Iran and the US appear to have stepped back from the brink of war—but congressional Democrats still want to make sure President Trump's ability to take action against the country is reined in. House Speaker Nancy Pelosi announced Wednesday that the chamber will vote Thursday on a war powers resolution, the New York Times reports. "Members of Congress have serious, urgent concerns about the administration's decision to engage in hostilities against Iran and about its lack of strategy moving forward," she said in a statement, adding that their concerns were not addressed by a briefing from administration officials Wednesday. Pelosi said the strike that killed Iranian Gen. Qasem Soleimani was "provocative and disproportionate." More:
- Tussle over war powers lies ahead. The measure, which calls for Trump to end any military action against Iran that is not approved by Congress, is expected to set up a clash between Democrats and Republicans over war powers. Democrats argue that the measure will be binding under the 1973 War Powers Act if it is passed by both houses of Congress.

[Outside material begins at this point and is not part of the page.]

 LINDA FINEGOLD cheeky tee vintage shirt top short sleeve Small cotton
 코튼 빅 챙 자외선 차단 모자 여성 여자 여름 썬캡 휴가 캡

- No imminent threat? Democratic lawmakers said the briefing from officials including Secretary of State Mike Pompeo and CIA Director Gina Haspel did not convince them that Soleimani posed an imminent threat, the Hill reports. Democratic Rep. Gerry Connolly says the intelligence presented was "sophomoric and utterly unconvincing." "I believe there was no rationale that could pass a graduate school thesis test," he says. "I was utterly unpersuaded about any evidence about the imminence of a threat that was new or compelling."
- "We are owed concrete details." "I think it's extremely important that we as a country, if we are going to—either intentionally or accidentally—slide into war, that we have a debate about it," says the bill's sponsor, Democratic Rep. Elissa Slotkin, per the AP. "How do you know you're succeeding and not just escalating us into something more and more dangerous? We are owed concrete, specific details on strategy," says Slotkin, a former CIA analyst who served in Iraq.
- Republican defectors. GOP Sens. Mike Lee and Rand Paul have said they will back a Senate version of the House bill, meaning it would have at least 49 of the required 51 votes, the New York Times reports. Lee says he finds the administration's attitude insulting. "Their message was so run along and be good little boys and girls and not debate" the justification for the Soleimani strike, he says. "It's un-American, it's unconstitutional, and it's wrong."
- Pelosi's next steps. The House speaker said Wednesday that lawmakers are considering additional legislation, including a repeal of the 2002 Authorization for the Use of Military Force, which allowed military action against Iraq and has been cited by the Trump administration as justification for the killing of Soleimani.